非接触ICカードの近接無線通信で来場を検出

 この発明では、ユーザが来場すべき場所に近接無線通信を利用した非接触ICカード(例えばFelica)の読み取り装置を配置しておきます。携帯端末には、非接触ICカード機能が搭載されています。

 そして、ユーザが端末上に表示されたWebページの広告をクリックすると、その端末が来場すべき店舗などの情報が端末に提供されます。

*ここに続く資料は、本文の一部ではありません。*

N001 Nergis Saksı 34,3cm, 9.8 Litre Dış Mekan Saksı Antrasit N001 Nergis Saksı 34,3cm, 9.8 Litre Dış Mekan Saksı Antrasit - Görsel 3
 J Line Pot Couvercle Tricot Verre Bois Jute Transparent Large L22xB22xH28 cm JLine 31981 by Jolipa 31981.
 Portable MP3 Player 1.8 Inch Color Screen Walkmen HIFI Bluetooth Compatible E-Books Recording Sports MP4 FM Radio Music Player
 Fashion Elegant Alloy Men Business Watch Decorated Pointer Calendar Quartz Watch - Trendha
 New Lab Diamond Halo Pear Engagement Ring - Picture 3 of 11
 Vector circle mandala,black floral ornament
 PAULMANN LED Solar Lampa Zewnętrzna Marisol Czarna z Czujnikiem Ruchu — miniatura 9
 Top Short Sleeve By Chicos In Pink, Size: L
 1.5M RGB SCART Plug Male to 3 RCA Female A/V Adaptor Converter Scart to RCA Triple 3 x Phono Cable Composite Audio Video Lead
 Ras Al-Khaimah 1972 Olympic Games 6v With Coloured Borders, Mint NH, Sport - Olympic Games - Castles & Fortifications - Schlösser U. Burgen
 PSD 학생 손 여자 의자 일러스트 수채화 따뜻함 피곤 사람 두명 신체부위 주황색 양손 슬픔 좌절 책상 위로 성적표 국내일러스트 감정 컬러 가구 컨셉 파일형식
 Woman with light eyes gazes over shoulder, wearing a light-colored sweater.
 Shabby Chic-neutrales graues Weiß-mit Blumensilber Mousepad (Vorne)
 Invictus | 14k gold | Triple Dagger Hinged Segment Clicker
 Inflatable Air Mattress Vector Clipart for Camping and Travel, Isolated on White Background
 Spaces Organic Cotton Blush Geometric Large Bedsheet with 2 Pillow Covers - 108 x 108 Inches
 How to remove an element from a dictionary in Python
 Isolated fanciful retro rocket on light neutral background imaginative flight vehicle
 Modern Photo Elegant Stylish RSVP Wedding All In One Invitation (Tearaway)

ユーザが実際にその店舗に来場して非接触ICカードの読み取りが行われると、その店舗にユーザが実際に来場したと認識され、アフィリエイト報酬が加算されます。

 なお、実際に非接触ICカードの読み取りが行われたときには、カードのIDとリーダのIDとを含む特殊なURLが端末に通知されるなどの処理も発明の範囲に含まれています。

 これにより、ユーザは、端末(カード)をリーダにかざし、それにより通知されるURLにアクセスするだけの簡単な操作によって、実際に店舗に来場したことが検出されます。

【課題】
携帯端末ユーザがインターネット上のアフィリエイト広告に基づいて店舗等の指定場所に来場したか否かを、比較的簡単なシステム構成でもって、ユーザ側の操作手順を煩雑にすることなく、高い識別精度で確認することができる携帯アフィリエイト・トラッキングシステムを提供する
【請求項1】
 つぎの事項(11)~(16)により特定されるコンピューター情報処理の方法。
(11)インターネット上のアフィリエイトサーバーが、利用者の携帯端末、広告媒体サイト、広告主サイト、ICカード読取装置(以下、R/W)と連携して実行するコンピューター情報処理の方法であること
(12)前記R/Wは、広告主指定場所に設置されていて、利用者の携帯端末に搭載された非接触式のICカードと通信可能であること
(13)第1プロセスでは、携帯端末が広告掲載サイトにアクセスして広告バナーをクリックした際、携帯端末を広告主サイトにリダイレクトして広告主サイトから携帯端末に前記広告主指定場所に関する情報を送信させるととともに、前記携帯端末のID(以下、端末ID)を前記広告媒体サイトの識別子と前記広告主サイトの識別子およびアクセス日時と対応づけしたデータを第1プロセス記録として保存すること
(14)第2プロセスでは、前記R/Wが利用者の携帯端末のICカードと通信して当該ICカードのID(以下、カードID)を読み取った際、当該カードIDと当該R/WのID(以下、リーダID)とアクセス日時を対応づけしたデータを第2プロセス記録として保存するとともに、当該カードIDと当該リーダIDをパラメータとして付加してなる特定URLを前記R/Wから前記携帯端末に送信させること
(15)第3プロセスでは、前記特定URLを受信した携帯端末がその特定URLにアクセスした際、当該携帯端末の端末IDを前記カードIDおよび前記リーダIDとともに取得し、これら端末IDとカードIDとリーダIDとアクセス日時を対応づけしたデータを第3プロセス記録として保存すること
(16)第4プロセスでは、第3プロセス記録と第2プロセス記録を照合し、カードIDとリーダIDの組み合わせが一致する記録が存在し、かつ、第3プロセス記録のアクセス日時のほうが新しい場合、その第3プロセス記録を妥当な第3プロセス記録として抽出し、この妥当な第3プロセス記録と第1プロセス記録を照合し、当該第3アクセス記録よりアクセス日時が古くて端末IDが一致する第1プロセス記録が存在する場合、当該端末IDの携帯端末の利用者が当該第1プロセス記録中の広告媒体サイトにて前記広告バナーをクリックした後に前記広告主指定場所に来場したものと判定し、この来場判定に基づいて前記広告媒体サイトに対する広告報酬量を更新すること

今日のみどころ

 ユーザが実際に店舗に訪れることで報酬が発生するタイプのアフィリエイトに関する発明です。店舗への来場の検出を、近接無線通信により判定するのがポイントです。近距離でないと通信できないという近距離無線通信の制約を利用した発明といえます。

 いろいろな通信技術について、周波数、電力の大きさ、媒体の種別などの物理的特徴からくる通信の特性などについての利点と欠点を整理しておくといいですね。物理的特徴は自然法則そのものなので、特許性の説明にうまく使うことができます。

 なお、店舗への来場の検出方法がポイントになっています。来場の検出の部分については、以前紹介した、超音波を用いた来場検出の発明と親和性が高そうです。